For more than a year, the Swiss Embassy in New Delhi has initiated a series of events that draws attention to the unique role architecture plays in fostering political and cultural relations between the two countries. These events, as well as the commemorative release of A Tropical House (gta Verlag publishers, 2014), celebrate the 50th anniversary of the opening of the Swiss Embassy, a relatively unknown gem of Modernist architecture.

Bilateral Relations

In 1947 the newly appointed prime minister of India, Jawaharlal Nehru, launched a formal diplomatic initiative with Switzerland. The historically neutral country became the first to sign a friendship treaty with independent India and one of the first to establish a foreign presence in the capital of New Delhi.

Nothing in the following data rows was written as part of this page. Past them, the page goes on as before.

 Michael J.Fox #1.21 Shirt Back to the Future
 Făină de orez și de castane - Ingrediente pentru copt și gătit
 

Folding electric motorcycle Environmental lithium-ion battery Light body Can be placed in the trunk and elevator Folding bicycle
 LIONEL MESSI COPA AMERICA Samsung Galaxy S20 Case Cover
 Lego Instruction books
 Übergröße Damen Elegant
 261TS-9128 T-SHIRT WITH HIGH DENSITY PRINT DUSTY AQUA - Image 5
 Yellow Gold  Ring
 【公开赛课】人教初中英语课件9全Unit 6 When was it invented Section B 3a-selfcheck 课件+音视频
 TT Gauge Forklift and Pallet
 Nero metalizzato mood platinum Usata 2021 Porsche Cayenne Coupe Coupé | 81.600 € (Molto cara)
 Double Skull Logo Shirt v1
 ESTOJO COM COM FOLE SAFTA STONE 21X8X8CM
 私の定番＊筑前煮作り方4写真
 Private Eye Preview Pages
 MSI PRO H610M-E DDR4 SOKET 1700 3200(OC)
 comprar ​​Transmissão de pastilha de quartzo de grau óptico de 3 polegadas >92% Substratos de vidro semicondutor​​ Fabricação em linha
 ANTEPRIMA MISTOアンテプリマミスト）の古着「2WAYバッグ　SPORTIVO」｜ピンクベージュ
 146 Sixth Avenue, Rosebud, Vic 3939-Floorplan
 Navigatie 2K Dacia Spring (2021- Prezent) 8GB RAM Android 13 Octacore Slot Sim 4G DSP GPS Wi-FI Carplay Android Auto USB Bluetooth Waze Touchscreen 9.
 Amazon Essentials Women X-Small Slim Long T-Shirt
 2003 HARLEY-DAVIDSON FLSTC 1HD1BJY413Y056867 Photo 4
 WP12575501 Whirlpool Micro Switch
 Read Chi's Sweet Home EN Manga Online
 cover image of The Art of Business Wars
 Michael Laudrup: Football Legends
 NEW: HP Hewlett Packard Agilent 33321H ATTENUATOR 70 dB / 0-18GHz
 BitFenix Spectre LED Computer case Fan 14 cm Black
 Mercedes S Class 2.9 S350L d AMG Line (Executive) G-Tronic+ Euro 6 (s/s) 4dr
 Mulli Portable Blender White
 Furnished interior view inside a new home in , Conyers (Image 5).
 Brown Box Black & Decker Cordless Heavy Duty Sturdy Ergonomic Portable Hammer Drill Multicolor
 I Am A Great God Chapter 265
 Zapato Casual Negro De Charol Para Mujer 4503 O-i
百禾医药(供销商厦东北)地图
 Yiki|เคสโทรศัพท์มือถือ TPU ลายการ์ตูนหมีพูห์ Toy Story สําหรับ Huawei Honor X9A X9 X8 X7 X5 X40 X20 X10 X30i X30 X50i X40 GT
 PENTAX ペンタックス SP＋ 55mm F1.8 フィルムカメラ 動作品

Like much post-WWII diplomacy, architecture was the chosen medium for concretizing bilateral relations. Designed by Hans Hofmann and realized by Walter Rüegg after his predecessor’s untimely death, the Swiss Embassy is a remarkable example of postwar modern architecture and an attestation to the precarious process of manifesting abstract concepts of nationhood into the built form. “If it wishes to have a presence in underdeveloped countries and to exert a certain degree of influence,” the Swiss Federal Political Department wrote in 1959, emphasizing that “[a] concern for effectiveness must prevail over a concern for modesty.” Max Petitpierre, then president of the Swiss Confederation reiterated the sentiment, stating that a simple building would be interpreted by India as a lack of interest in the country.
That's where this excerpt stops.